Annual Report highlights

A year impacted by the Credit Suisse acquisition

2023 financial performance

Our 2023 financial performance was heavily impacted by the acquisition and the start of the integration work of Credit Suisse.

We have made good progress as we have stabilized the franchise with the definition of the operating model and the achievement of underlying profitability.

Since closing of the acquisition in 2023, we attracted USD 77bn of net new assets in GWM and USD 77bn of net new deposits across GWM and P&C. We also made good progress in reducing costs with USD ~4bn in exit rate gross cost savings in 2023 versus 2022. We aim to deliver exit rate gross cost savings of approximately USD 13bn by the end of 2026 compared with the full year 2022 for the combined organizations. Gross cost savings will create capacity to reinvest for growth and to enhance the resilience of our infrastructure. We also made strong progress in the wind-down of the Non-Core and Legay Unit with RWA down USD 12bn and LRD down USD 19bn, respectively, since the second quarter of 2023. For 2023, we have delivered a net profit attributable to shareholders of USD 27,849bn, driven by negative goodwill of USD 27,748bn.

We maintained our strong capital position with a CET1 ratio of 14.4% and total loss absorbing capacity of around USD 200bn.

Our capital return plans

Capital strength is a key pillar of our strategy, and we are committed to maintaining a balance sheet for all seasons. We intend to distribute excess capital to shareholders, in the form of a progressive dividend and share buybacks.

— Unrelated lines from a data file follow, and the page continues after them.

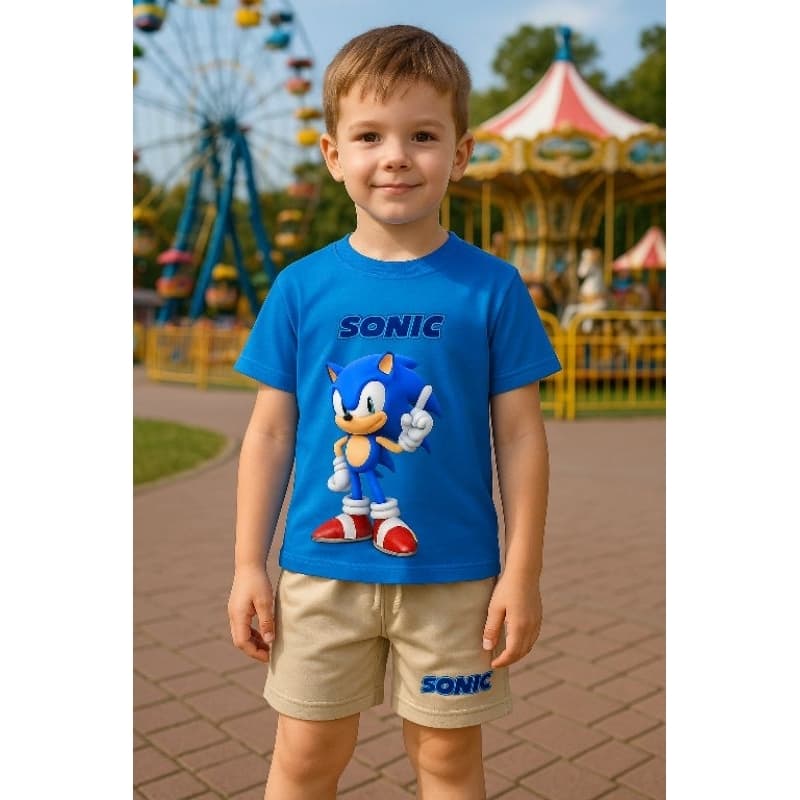 Conjunto Infantil Sonic Camiseta Algodão Premium + Bermuda Moletom c/ Bolso Festa 2 ao 16 Azul e Preto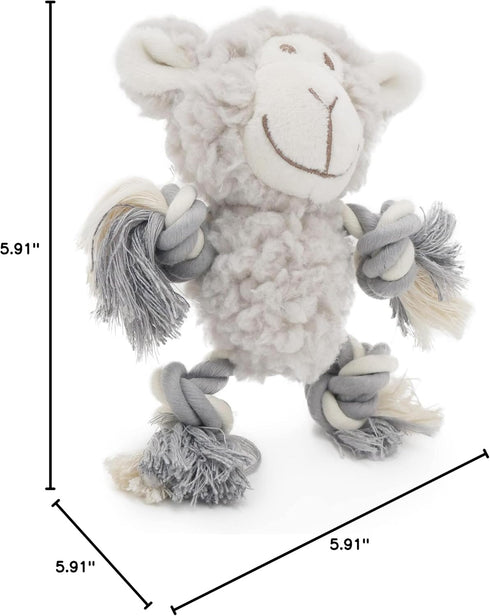 Senior Mini Fleece Dog Toy - Calming Lavender with Rope Arms/Legs, Grey, 15cm x 15cm for Senior Dogs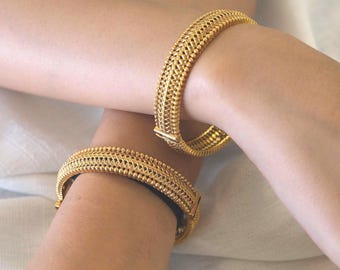 Indian Kada Bangle 22K Antique Gold Plated Temple Jewelry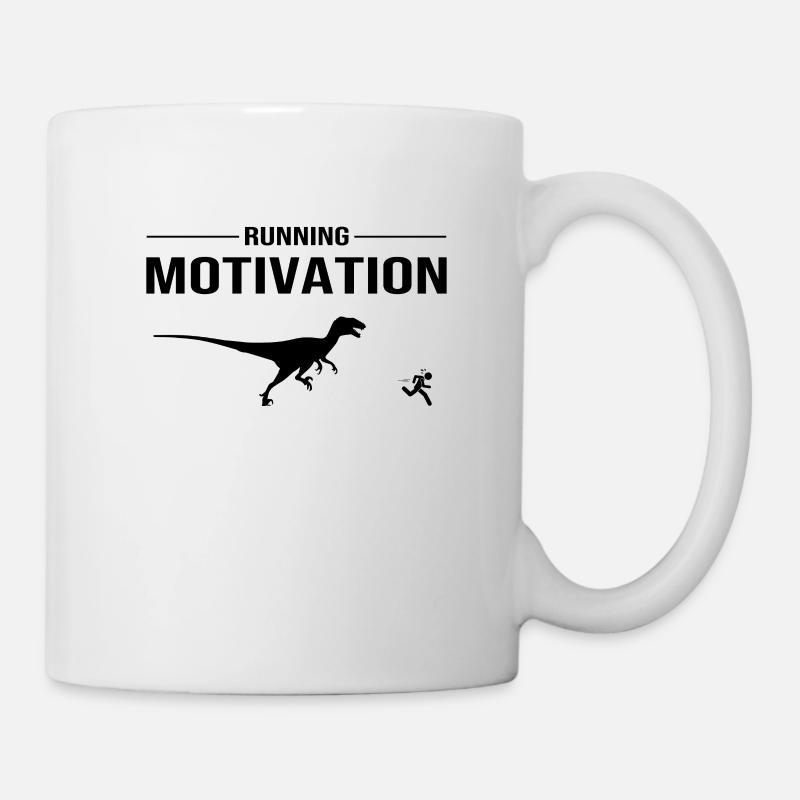 Running motivation - Course à pied dino - Mug blanc - blanc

For the 2023 financial year, the Board of Directors plans to propose a dividend to UBS Group AG shareholders of USD 0.70 per share, a 27% increase year on year. We are committed to distributing excess capital to shareholders in the form of share repurchases and plan to reinstate share repurchases of up to USD 1bn during 2024, commencing after the completion of the merger between UBS AG and Credit Suisse AG, which is expected by the end of the second quarter of 2024. It is our ambition for share repurchases in 2026 to exceed the 2022 level of USD 5.6bn.

Our compensation approach in 2023

Over the past years, our performance award pool has consistently reflected our pay-for-performance philosophy and our disciplined approach in managing compensation over business cycles and in alignment to shareholder interests. Accordingly, we carefully assessed the financial results and excluded both the positive and negative one-time financial impacts of the acquisition of the Credit Suisse Group.